### Task instructions
Records follow. Pull out every line that contains "Brand".

### Supplied entries
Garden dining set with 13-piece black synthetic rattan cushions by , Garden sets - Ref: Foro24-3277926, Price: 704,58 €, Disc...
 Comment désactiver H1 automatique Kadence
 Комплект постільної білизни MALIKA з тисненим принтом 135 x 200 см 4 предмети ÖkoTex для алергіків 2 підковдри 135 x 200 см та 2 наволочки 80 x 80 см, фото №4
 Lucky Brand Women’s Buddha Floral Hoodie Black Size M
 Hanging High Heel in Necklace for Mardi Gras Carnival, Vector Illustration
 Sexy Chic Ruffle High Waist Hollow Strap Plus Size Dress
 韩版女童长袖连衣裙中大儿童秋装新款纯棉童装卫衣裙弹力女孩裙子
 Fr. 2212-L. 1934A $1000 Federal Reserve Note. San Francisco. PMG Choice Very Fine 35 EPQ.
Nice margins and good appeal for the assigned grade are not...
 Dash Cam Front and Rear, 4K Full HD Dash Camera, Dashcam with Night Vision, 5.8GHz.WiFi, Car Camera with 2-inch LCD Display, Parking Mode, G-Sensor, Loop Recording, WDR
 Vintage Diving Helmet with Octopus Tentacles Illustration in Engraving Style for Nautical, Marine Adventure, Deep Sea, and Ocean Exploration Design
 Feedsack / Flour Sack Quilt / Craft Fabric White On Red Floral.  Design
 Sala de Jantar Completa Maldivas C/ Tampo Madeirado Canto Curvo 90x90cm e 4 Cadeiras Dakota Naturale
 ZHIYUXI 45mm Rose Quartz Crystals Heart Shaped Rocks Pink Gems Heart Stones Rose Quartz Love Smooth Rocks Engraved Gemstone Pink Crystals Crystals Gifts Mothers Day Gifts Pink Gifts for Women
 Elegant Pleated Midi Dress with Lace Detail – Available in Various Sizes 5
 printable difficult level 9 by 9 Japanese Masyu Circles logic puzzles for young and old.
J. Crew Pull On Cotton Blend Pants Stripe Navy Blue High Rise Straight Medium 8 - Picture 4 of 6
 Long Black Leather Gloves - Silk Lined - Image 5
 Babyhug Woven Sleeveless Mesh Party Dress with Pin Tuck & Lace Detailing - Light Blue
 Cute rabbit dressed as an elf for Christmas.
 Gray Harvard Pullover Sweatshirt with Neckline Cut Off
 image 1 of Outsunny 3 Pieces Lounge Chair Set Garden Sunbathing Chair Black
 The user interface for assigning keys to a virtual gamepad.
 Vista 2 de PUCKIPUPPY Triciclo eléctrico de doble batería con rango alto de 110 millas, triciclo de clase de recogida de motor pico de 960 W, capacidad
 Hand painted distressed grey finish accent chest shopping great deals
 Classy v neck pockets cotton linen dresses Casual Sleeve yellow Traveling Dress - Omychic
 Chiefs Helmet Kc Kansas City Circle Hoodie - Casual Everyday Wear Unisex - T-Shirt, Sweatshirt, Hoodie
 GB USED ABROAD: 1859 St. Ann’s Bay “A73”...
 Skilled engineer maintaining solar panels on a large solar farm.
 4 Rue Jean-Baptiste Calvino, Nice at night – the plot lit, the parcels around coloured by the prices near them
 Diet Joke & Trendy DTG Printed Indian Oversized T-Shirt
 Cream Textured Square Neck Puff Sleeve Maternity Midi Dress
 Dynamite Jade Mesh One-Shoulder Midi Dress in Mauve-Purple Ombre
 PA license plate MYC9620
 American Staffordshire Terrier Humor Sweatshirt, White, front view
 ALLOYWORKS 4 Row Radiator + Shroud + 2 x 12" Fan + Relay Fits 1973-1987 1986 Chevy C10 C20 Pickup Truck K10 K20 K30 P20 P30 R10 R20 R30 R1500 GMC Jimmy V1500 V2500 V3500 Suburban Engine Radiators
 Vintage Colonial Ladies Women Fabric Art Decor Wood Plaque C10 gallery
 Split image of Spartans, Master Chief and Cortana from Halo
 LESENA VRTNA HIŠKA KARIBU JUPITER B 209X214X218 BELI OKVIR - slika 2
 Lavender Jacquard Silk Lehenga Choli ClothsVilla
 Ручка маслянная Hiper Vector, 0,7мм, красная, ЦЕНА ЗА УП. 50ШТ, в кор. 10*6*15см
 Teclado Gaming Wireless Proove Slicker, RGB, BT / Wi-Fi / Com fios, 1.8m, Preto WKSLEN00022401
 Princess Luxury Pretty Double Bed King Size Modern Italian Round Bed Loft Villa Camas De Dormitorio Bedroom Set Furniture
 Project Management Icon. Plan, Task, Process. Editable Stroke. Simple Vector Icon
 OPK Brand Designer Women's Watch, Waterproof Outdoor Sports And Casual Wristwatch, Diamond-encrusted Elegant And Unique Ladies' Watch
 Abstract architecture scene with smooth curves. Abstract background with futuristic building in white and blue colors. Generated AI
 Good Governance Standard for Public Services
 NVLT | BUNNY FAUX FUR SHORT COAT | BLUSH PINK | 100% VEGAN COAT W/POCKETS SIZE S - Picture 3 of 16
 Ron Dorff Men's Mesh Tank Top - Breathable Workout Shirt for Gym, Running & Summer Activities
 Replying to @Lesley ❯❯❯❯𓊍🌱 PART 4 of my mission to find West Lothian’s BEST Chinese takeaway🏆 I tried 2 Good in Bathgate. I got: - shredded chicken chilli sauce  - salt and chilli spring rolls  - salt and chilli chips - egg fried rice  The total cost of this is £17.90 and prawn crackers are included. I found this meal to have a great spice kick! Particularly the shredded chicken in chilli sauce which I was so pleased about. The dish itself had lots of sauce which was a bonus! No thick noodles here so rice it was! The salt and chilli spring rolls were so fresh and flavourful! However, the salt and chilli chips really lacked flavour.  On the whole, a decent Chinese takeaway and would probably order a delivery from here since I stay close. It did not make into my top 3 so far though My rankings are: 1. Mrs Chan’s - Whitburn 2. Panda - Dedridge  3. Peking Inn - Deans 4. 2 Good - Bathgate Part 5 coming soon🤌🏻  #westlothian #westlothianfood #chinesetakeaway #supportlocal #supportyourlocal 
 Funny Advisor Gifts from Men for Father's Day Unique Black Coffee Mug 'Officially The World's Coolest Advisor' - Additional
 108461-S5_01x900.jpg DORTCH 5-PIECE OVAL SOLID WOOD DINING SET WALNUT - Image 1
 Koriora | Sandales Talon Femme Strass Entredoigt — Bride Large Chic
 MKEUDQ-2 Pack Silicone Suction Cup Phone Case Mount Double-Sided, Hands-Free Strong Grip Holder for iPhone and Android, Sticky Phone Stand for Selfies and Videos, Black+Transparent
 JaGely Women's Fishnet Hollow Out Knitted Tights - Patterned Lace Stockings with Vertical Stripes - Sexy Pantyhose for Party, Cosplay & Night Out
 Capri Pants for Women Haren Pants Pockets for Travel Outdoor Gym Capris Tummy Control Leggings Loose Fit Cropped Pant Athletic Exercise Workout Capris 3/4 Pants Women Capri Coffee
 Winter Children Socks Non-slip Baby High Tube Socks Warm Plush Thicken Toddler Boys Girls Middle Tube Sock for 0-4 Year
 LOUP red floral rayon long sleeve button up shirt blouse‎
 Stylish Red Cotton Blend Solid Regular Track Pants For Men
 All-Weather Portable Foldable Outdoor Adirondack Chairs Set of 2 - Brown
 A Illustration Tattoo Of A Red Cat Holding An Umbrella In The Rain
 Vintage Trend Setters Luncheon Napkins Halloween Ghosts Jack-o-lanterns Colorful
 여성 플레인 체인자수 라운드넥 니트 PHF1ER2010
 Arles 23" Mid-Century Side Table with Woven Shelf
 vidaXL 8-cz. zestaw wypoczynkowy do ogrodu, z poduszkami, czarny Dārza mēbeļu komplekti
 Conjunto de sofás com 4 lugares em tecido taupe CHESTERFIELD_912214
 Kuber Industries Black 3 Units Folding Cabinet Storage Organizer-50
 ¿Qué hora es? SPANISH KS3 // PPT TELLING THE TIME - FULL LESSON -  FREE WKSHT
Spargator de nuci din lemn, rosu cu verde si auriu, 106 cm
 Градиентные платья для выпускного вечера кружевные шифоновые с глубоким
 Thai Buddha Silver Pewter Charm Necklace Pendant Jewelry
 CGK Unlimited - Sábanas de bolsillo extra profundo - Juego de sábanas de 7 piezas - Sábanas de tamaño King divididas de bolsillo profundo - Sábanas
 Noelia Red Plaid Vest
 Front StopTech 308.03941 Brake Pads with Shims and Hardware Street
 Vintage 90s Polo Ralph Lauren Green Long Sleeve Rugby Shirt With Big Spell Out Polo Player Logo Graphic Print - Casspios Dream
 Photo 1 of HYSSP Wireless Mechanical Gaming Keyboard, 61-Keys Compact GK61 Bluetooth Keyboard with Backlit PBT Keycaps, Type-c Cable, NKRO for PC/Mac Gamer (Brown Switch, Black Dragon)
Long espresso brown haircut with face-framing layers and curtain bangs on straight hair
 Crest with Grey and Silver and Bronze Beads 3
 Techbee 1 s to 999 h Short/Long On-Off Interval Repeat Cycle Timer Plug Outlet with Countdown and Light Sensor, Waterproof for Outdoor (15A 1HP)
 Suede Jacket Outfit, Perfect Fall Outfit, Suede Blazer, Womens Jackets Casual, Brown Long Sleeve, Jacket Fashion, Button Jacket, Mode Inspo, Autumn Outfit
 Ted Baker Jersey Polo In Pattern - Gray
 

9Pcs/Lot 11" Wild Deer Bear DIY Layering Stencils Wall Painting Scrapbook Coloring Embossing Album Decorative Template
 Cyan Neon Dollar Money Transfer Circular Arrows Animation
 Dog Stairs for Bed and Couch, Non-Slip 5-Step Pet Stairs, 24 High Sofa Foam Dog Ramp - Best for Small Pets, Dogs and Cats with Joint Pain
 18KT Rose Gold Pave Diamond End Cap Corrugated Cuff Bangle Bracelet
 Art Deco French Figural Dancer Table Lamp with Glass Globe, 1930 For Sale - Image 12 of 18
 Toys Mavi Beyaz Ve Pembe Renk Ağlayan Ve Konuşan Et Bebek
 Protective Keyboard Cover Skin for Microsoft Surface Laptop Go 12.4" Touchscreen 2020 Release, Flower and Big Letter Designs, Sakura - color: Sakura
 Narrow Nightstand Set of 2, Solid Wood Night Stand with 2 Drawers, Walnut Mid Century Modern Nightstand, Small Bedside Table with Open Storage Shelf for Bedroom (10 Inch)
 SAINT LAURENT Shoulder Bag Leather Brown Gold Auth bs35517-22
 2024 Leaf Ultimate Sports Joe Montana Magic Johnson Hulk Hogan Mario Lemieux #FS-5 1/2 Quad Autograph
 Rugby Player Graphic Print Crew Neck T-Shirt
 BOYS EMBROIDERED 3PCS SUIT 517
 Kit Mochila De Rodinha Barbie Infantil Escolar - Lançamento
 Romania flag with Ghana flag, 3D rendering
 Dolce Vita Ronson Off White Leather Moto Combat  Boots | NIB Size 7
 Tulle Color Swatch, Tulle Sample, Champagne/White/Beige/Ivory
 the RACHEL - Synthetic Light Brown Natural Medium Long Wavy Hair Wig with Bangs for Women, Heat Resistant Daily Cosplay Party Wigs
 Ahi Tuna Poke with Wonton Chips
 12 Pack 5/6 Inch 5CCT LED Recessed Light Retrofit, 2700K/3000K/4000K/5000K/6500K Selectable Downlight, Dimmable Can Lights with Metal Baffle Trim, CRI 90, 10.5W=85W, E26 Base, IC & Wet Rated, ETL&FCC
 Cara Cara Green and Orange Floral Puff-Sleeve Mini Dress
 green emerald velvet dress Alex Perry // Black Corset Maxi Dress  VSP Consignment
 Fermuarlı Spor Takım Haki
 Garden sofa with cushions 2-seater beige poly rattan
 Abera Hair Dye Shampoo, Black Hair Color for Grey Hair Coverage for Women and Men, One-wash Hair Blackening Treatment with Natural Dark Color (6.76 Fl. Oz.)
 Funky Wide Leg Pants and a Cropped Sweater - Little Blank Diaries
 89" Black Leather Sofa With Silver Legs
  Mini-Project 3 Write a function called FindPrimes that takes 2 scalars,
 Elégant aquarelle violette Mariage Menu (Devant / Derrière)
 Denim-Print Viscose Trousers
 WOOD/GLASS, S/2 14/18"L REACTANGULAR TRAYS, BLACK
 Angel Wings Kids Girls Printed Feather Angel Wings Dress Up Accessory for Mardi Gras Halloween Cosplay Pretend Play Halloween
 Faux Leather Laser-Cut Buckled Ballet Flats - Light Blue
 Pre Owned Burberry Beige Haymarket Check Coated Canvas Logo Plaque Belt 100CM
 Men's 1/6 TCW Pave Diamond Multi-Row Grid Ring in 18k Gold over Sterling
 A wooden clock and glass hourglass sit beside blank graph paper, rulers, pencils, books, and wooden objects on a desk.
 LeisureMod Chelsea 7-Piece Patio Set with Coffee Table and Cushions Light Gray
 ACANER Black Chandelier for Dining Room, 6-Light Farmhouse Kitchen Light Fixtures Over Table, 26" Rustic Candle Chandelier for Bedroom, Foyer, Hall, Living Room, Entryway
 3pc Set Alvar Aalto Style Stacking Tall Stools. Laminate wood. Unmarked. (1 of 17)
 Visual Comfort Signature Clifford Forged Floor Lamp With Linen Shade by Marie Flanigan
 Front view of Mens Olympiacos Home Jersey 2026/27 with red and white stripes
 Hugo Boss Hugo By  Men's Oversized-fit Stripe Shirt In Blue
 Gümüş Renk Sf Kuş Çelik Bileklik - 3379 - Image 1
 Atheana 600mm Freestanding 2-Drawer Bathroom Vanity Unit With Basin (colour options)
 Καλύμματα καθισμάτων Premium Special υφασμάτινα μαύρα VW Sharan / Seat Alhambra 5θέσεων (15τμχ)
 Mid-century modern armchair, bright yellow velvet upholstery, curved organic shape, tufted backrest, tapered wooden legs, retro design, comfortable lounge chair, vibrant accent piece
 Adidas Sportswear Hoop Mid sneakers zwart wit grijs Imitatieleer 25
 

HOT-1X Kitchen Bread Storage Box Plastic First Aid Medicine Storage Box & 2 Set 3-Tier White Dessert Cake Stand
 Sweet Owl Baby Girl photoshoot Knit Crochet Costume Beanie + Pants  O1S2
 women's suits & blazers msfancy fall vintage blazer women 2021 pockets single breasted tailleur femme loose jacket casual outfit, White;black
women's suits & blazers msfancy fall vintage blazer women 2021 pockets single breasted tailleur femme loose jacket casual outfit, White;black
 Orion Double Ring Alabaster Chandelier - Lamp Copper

### Task output
 Lucky Brand Women’s Buddha Floral Hoodie Black Size M
 OPK Brand Designer Women's Watch, Waterproof Outdoor Sports And Casual Wristwatch, Diamond-encrusted Elegant And Unique Ladies' Watch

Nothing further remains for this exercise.